Stock Options In Arizona Divorce

What you need to know about stock options during a divorce in Arizona.

Stock Options In Arizona Divorce

 

Stock Options and Divorce in Arizona

Because stock options are an extremely complicated topic when it comes to division in divorce actions, this article is just an overview of the basics. When a stock option is offered to an employee, it is called a grant. An option is exercised when the employee purchases the stock under the terms of the option granted by the employer.

 

How Stock Options Work

An employer grants a stock option to an employee by giving them the opportunity to purchase a specific number of shares of stock at a specified price during a particular time period. If the employee fails to purchase at the specified time, then the option to purchase at the grant price is lost.

Options are granted for a variety of reasons. Some are even granted by contract. Knowing and clarifying those reasons makes the difference between something being community property or separate property.

 

Qualified and Non-Qualified Stock Options

Incentive stock options can be either qualified or non-qualified. The tax ramifications on each are very different and a failure to recognize the tax implications for proper distribution in a divorce can result in a gross inequity of distribution.

Qualified or statutory incentive stock options, often called ISO’s, have a tax due only upon the sale of the stock. Depending on when the option was exercised and when the stock was sold, the tax basis and tax rates can differ.

The other type of stock options are non-qualified options or NQSQ’s. Depending on the ability to determine value, the taxing differs. When the stock is traded on an established market so that the value is easily discernable, then income tax is due at the time of the grant of the option. But, if the stock fails to meet that standard and the option is not transferable, then tax is not due until the option is exercised.

 

Purpose of Grant of Stock Option

If grants are given and exercised during the marriage, then the grant, now being stock because the option was exercised, will be distributed as part of the community assets in the divorce. The issues arise when a grant was given and not exercised or is granted post commencement of the divorce action.

Stock options can be granted because of past performance, they can be granted as an incentive for continued employment, they can be in lieu of higher pay, in lieu of bonuses or they can be granted for a combination of these reasons. The reason for the grant of a stock option can be determinative of whether or not it is held to be separate property.

 

Distribution of Stock Options in Arizona Divorce

Arizona, like many states, distributes property of the community resulting from the marriage that was acquired during the marriage. In general terms, property acquired after the marriage by either party is considered their respective separate property. But, property acquired after commencement of a divorce action that is the result of efforts put forth during the marriage is part of the community. If the stock option is not yet vested at the time of the commencement of the divorce action determination of whether it is community or separate property gets tricky and the reason for the grant becomes so vital.

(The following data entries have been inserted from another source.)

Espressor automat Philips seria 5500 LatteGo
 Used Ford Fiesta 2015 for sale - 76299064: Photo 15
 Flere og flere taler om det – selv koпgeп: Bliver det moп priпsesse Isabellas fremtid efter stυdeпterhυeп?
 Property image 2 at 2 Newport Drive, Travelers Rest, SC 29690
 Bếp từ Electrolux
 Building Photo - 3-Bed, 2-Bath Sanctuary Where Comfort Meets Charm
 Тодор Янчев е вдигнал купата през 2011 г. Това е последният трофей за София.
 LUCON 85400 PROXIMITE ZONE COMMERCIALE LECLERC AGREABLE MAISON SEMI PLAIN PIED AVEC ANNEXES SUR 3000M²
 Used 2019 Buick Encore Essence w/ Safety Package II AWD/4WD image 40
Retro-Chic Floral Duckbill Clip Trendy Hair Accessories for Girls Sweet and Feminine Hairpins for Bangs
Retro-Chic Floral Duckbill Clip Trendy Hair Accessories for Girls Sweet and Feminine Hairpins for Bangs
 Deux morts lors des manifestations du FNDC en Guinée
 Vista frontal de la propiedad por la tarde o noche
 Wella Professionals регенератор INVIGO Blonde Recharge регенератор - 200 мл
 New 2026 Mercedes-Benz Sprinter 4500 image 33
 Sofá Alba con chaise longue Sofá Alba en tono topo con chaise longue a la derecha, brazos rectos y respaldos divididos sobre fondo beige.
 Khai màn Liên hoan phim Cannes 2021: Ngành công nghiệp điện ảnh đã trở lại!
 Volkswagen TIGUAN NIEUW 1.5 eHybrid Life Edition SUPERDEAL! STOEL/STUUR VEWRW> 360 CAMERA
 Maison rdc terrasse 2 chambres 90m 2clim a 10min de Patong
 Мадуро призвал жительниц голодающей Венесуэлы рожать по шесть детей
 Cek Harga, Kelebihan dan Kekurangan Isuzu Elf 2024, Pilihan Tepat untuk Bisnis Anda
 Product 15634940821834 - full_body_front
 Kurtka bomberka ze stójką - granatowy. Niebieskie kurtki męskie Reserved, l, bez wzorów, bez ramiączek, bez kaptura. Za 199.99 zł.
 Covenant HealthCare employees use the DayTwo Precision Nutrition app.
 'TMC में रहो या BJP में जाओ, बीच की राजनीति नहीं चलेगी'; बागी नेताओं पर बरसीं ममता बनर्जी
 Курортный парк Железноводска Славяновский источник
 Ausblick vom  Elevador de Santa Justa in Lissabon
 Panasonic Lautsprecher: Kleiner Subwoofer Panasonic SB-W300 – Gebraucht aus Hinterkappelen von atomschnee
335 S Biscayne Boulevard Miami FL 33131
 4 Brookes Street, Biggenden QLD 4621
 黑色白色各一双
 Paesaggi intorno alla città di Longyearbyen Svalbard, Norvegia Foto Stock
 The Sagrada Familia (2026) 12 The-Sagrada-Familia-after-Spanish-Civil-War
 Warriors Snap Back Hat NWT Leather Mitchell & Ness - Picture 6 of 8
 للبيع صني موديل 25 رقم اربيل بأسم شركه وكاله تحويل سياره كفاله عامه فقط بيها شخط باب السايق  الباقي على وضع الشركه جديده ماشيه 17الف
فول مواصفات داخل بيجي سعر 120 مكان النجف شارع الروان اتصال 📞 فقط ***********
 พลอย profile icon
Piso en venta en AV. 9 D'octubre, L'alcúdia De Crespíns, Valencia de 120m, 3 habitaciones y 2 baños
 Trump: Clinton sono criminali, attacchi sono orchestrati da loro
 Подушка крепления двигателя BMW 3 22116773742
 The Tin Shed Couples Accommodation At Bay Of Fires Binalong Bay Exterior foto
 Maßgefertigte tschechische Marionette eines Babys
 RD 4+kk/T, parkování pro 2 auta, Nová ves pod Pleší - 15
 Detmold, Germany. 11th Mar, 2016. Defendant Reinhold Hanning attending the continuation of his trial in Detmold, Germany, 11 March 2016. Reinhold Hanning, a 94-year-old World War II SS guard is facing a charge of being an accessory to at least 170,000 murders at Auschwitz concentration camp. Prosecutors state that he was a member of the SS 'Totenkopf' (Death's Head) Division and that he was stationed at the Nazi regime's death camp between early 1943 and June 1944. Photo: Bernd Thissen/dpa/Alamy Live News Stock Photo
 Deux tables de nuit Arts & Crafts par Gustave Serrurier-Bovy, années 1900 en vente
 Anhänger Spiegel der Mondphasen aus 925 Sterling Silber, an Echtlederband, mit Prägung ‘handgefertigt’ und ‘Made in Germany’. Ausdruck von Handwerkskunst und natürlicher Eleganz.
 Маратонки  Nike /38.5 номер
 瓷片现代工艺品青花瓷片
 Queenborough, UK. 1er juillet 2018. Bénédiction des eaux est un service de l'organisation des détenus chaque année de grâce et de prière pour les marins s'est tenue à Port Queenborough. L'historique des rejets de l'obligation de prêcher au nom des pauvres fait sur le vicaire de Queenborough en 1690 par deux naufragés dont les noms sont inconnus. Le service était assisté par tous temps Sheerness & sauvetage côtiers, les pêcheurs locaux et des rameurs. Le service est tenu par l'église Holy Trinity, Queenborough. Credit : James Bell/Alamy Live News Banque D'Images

Arizona generally treats stock options as they do pension plans, but that varies when the option has not vested at the time the divorce action is commenced. This issue was addressed by the Arizona Court of Appeals in Brebaugh v. Deane, 211 Ariz. 95. Brebaugh recognized that the purpose of the grant of the stock option was the key to determining what portion, if any, was separate property or part of the community. When the purpose is determined by the trial court to be a result of efforts during the marriage, a formula was established to determine what portion of the option was available for distribution as community property. The formula weighs more in favor of the community rather than separate property. But, when the option is determined to have been granted for future efforts, Brebaugh established a different formula to be applied which weighs in favor of separate property.

Brebaugh shows us that a contract setting forth the purpose of the grant is not necessarily sufficient to make the entire unvested option fall into the category set forth in the contract. Employment contracts could contain these provisions and there are often stock option contracts stating the purpose of the grant. The trial courts a granted a great deal of discretion in deciding the purpose of the grant of the option. Depending on the court’s decision on that question makes the determination on which formula to apply in each case. There is no cookie cutter result on classification of unvested stock options in divorce actions.